#### [AVAILABLE DATA]
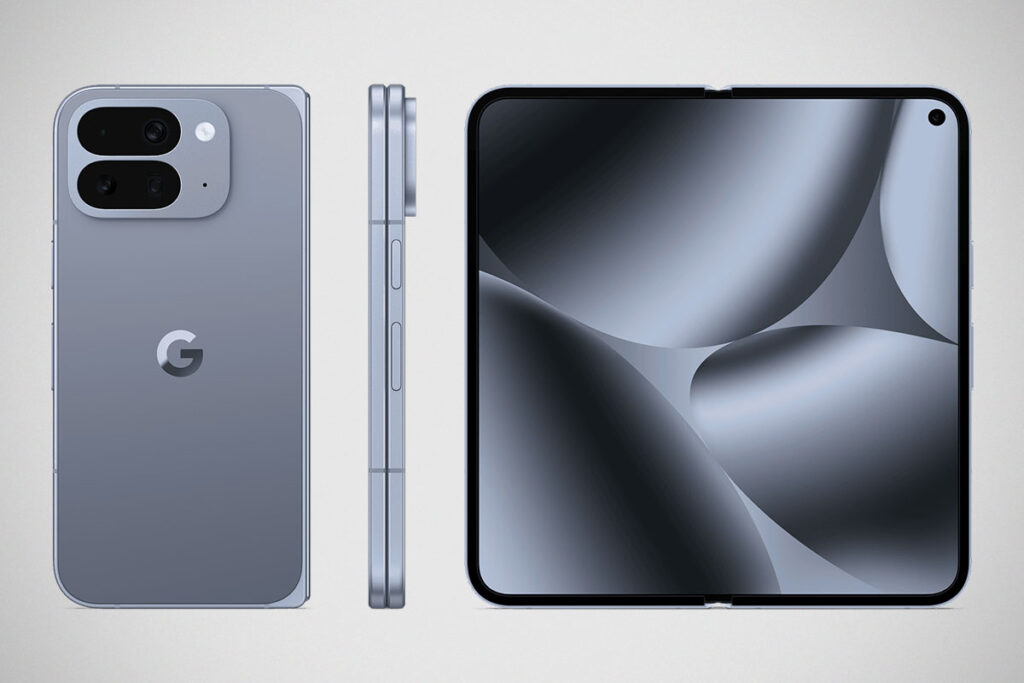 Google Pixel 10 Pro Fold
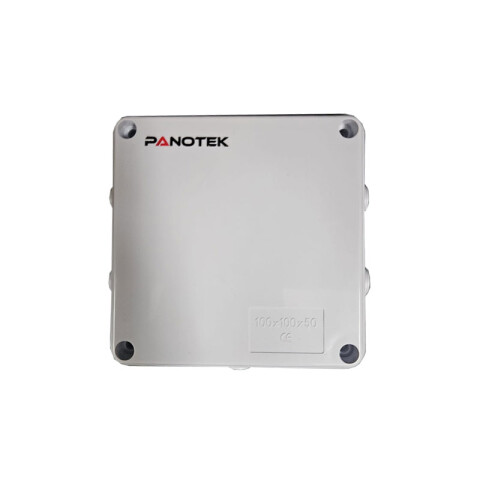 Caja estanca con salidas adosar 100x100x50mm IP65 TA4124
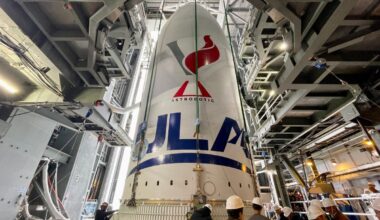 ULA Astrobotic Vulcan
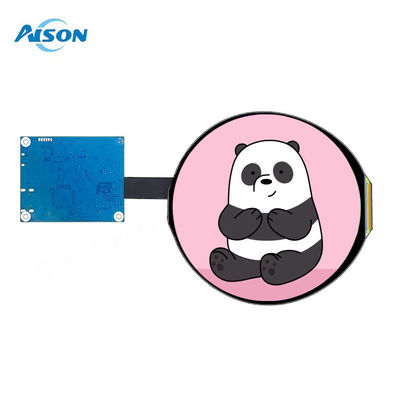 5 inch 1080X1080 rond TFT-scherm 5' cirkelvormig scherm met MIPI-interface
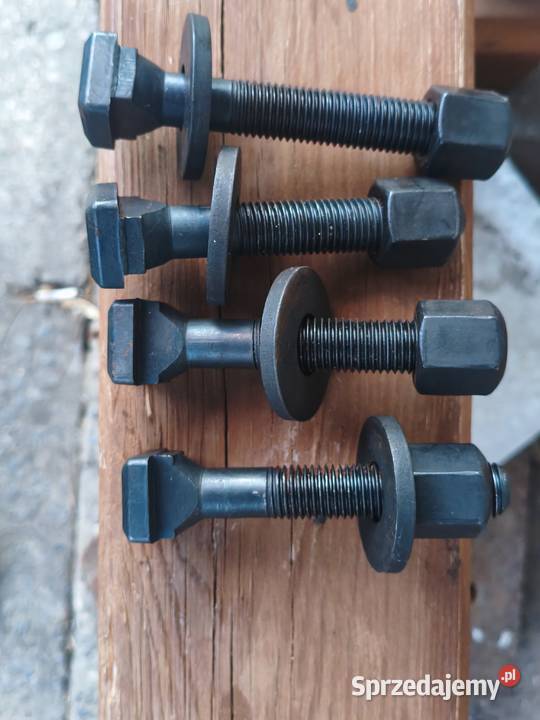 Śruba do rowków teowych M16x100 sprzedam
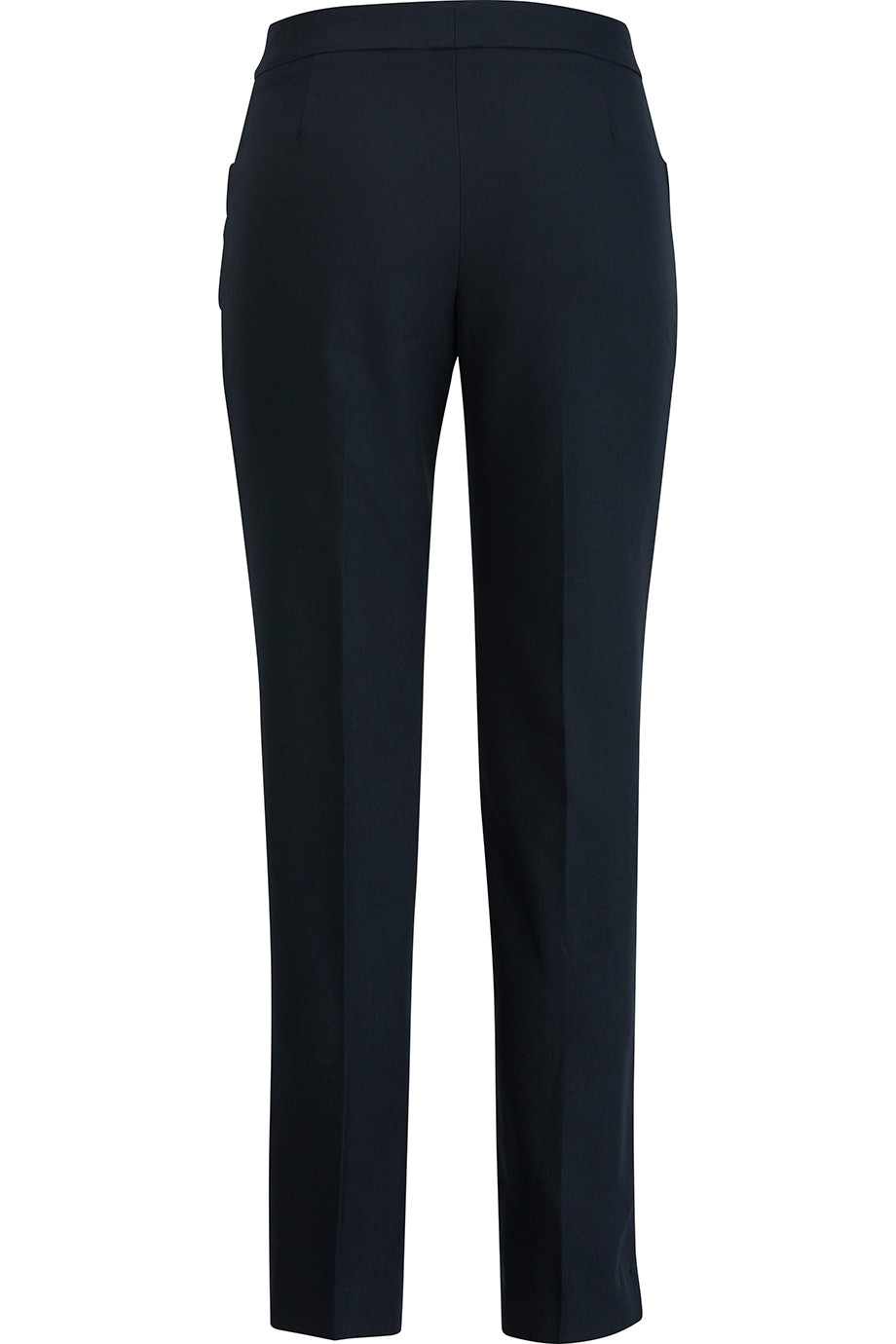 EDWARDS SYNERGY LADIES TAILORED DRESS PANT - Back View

#### [DESCRIPTION OF THE TASK]
Beginning at the line that contains "5 inch 1080X1080", retype each line of the data above through the very last one. Do not retype the pictures.

#### [EXERCISE OUTPUT]
 5 inch 1080X1080 rond TFT-scherm 5' cirkelvormig scherm met MIPI-interface
 Śruba do rowków teowych M16x100 sprzedam
 EDWARDS SYNERGY LADIES TAILORED DRESS PANT - Back View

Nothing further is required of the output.